Please repeat exactly, and only, the lines from the one containing "Creamy Peach Floral" through the end of the records below, with no pictures.

→ Dataset content
□ □ □ □ □ □ □

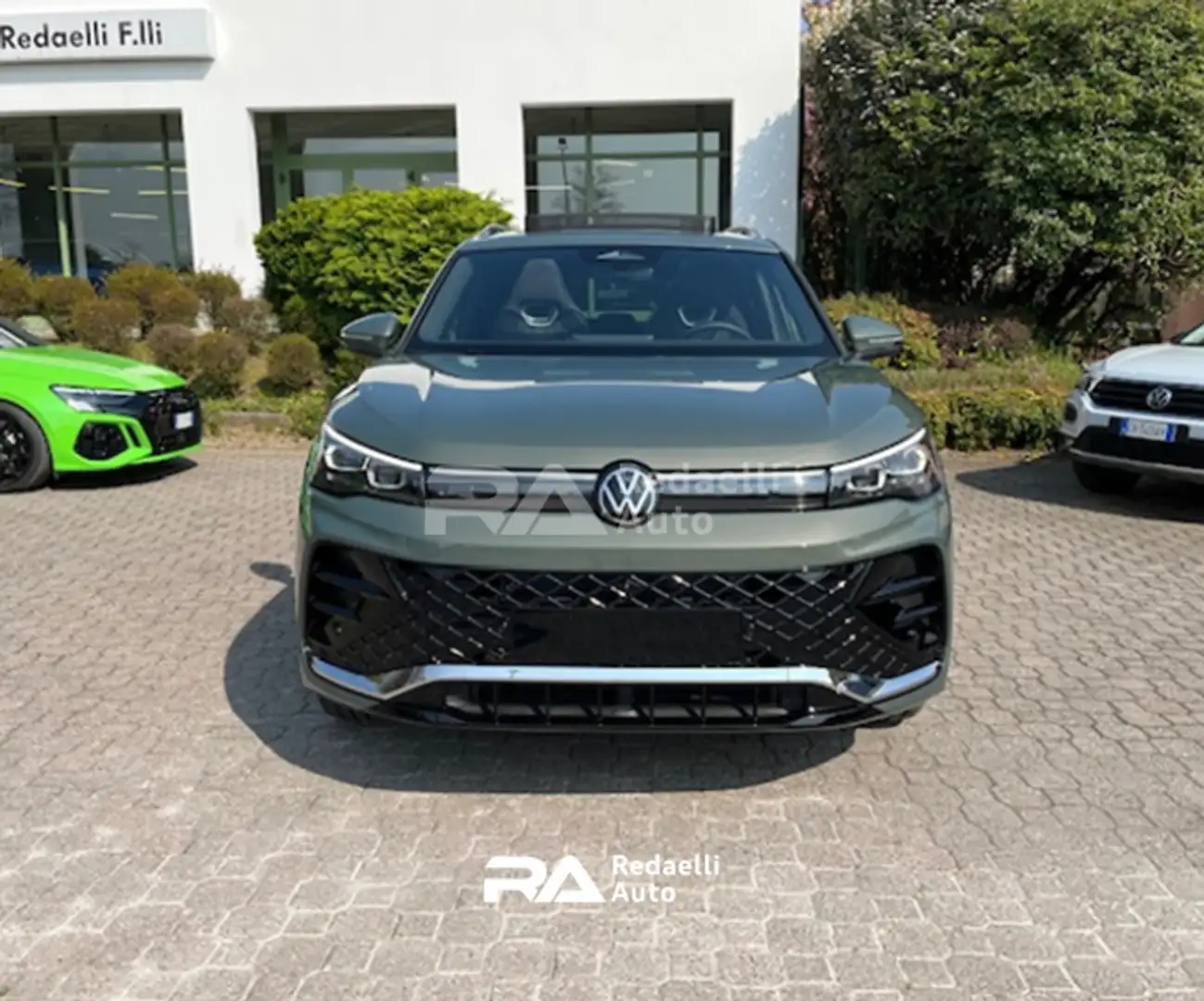 Volkswagen Tiguan Tiguan 1.5 eTSI 150 CV ACT DSG R-Line Plus Verde - 2
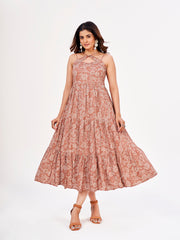 Creamy Peach Floral Maxi Dress: Viscose Fabric, Sweetheart Neckline, Sleeveless Design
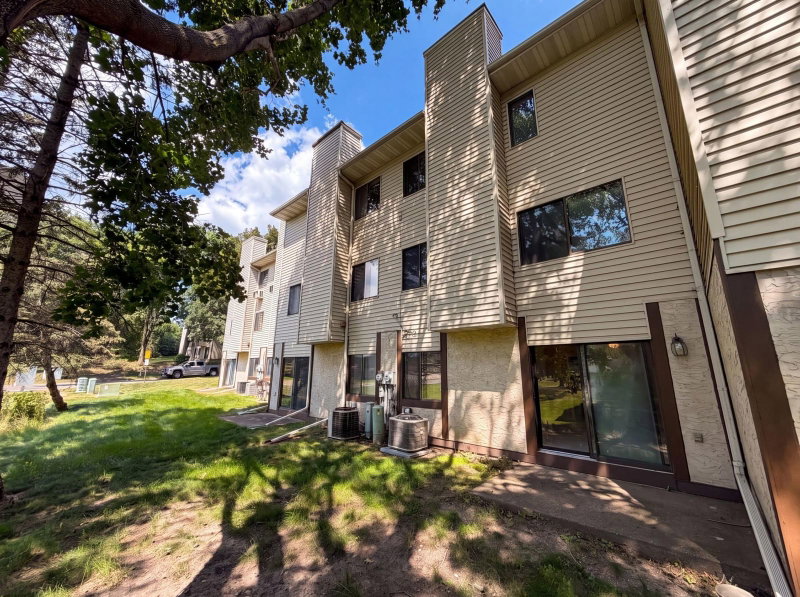 201 Bridlewood Drive - Photo 5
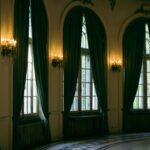 Zasłony na wymiar do dużych okien – jak uzyskać elegancki efekt bez przytłoczenia wnętrza
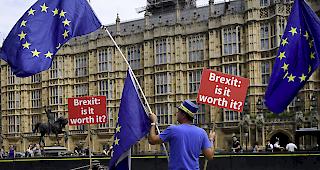 Premiere. Erstmals ist einer Umfrage zufolge eine knappe Mehrheit der Briten f&uuml;r ein Referendum &uuml;ber die Austrittsbedingungen ihres Landes aus der EU.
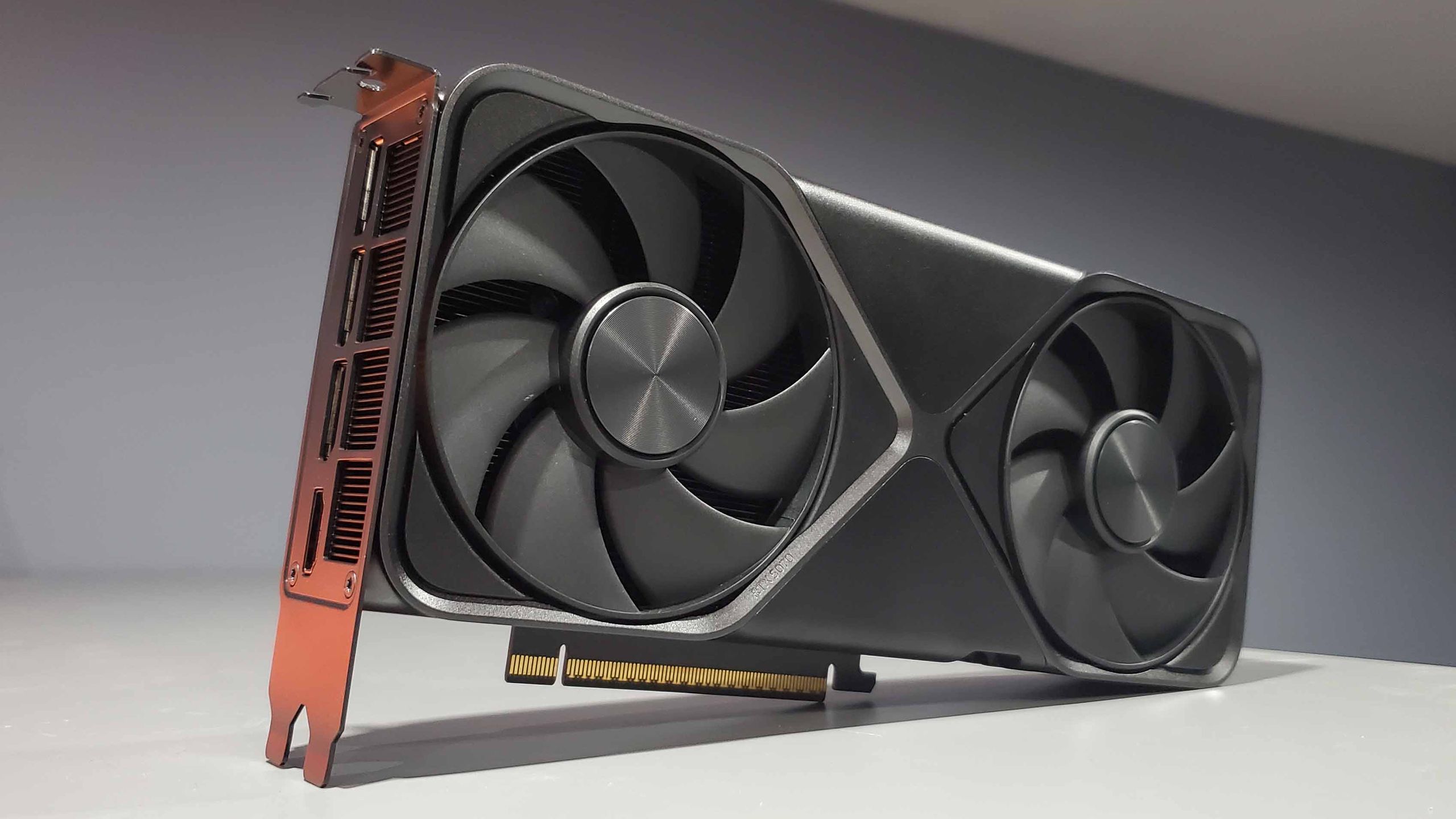 RTX 5070 GB203 การสลับชิปใหญ่ขึ้นที่เปลี่ยนเกมราคาแต่ไม่เปลี่ยนแรง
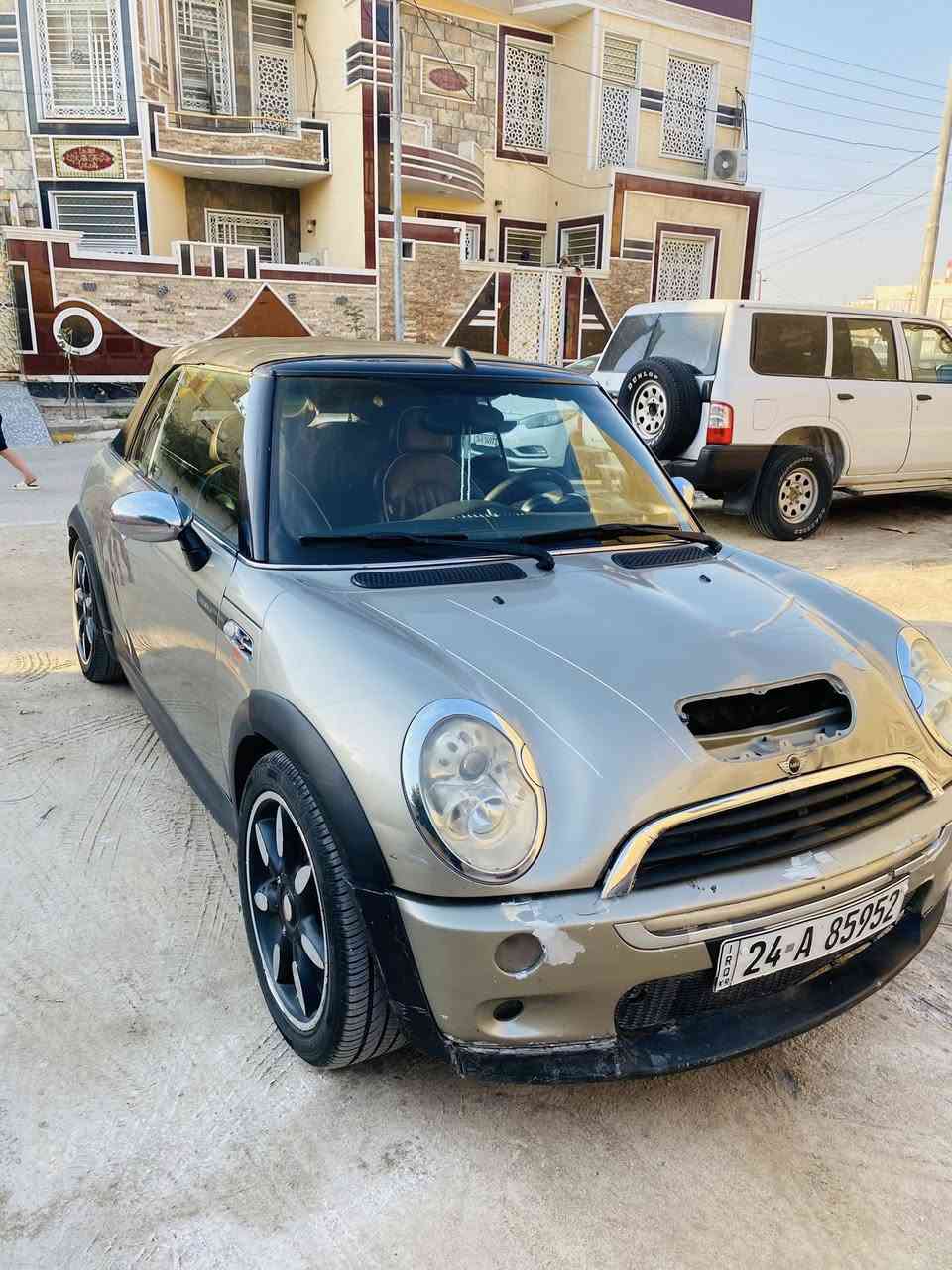 السلام عليكم مني كوبر 2008 (s) السياره مكفوله من الصبغ مبينه بل صور بيه ظربه خفيفه بل بجمه ومامصلحه على ظربته واضحه بل صوره مكينه وكير كورله سياره جاهزه وخير من الله العنوان ناصريه مركز *********** السعر 58 وبيه مجال بيع مستعجل
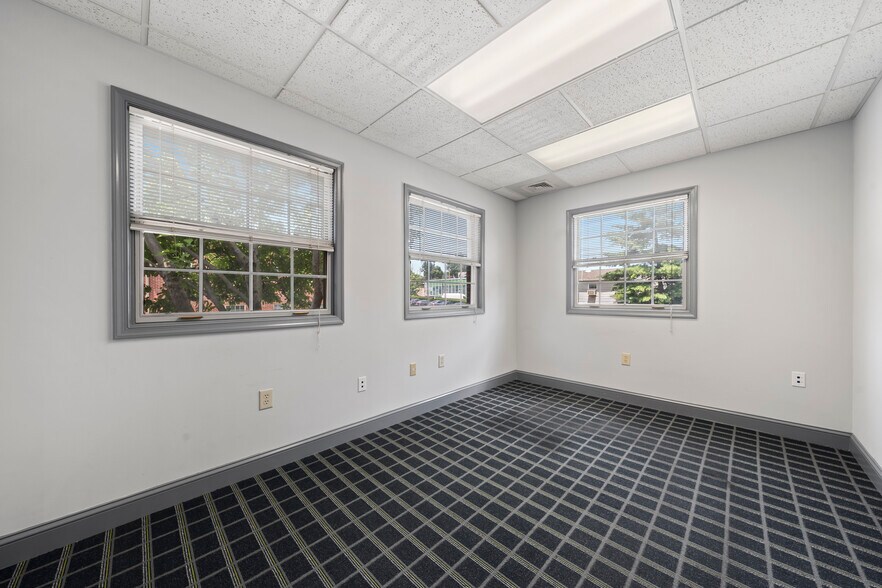 More Photos Of 607 Easton Rd, Willow Grove Medical For Lease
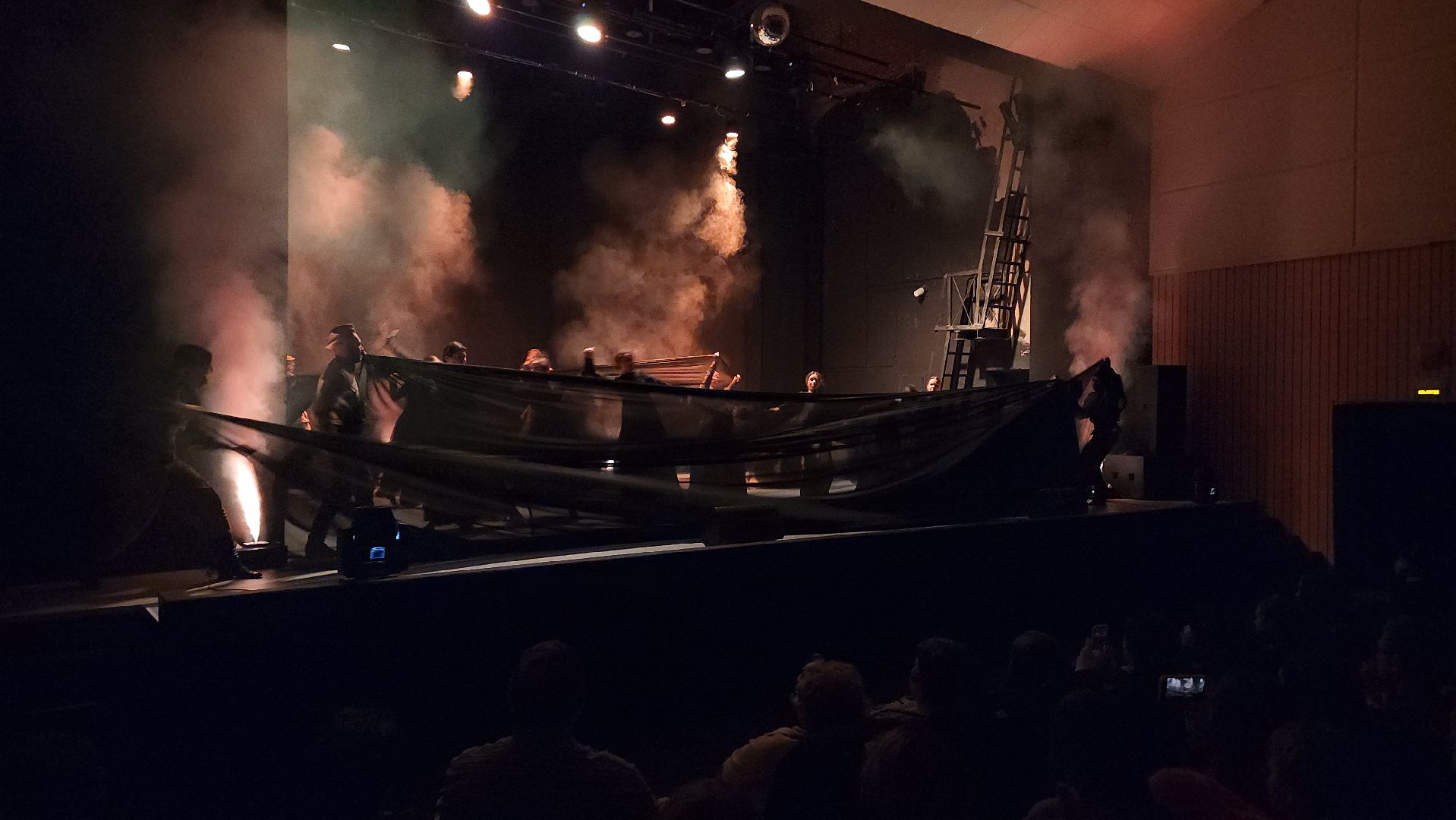 блокада Ленинграда, спектакль, искусство,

□ □ □ □ □ □ □

→ Answer to this exercise
 Creamy Peach Floral Maxi Dress: Viscose Fabric, Sweetheart Neckline, Sleeveless Design
 201 Bridlewood Drive - Photo 5
 Zasłony na wymiar do dużych okien – jak uzyskać elegancki efekt bez przytłoczenia wnętrza
 Premiere. Erstmals ist einer Umfrage zufolge eine knappe Mehrheit der Briten f&uuml;r ein Referendum &uuml;ber die Austrittsbedingungen ihres Landes aus der EU.
 RTX 5070 GB203 การสลับชิปใหญ่ขึ้นที่เปลี่ยนเกมราคาแต่ไม่เปลี่ยนแรง
 السلام عليكم مني كوبر 2008 (s) السياره مكفوله من الصبغ مبينه بل صور بيه ظربه خفيفه بل بجمه ومامصلحه على ظربته واضحه بل صوره مكينه وكير كورله سياره جاهزه وخير من الله العنوان ناصريه مركز *********** السعر 58 وبيه مجال بيع مستعجل
 More Photos Of 607 Easton Rd, Willow Grove Medical For Lease
 блокада Ленинграда, спектакль, искусство,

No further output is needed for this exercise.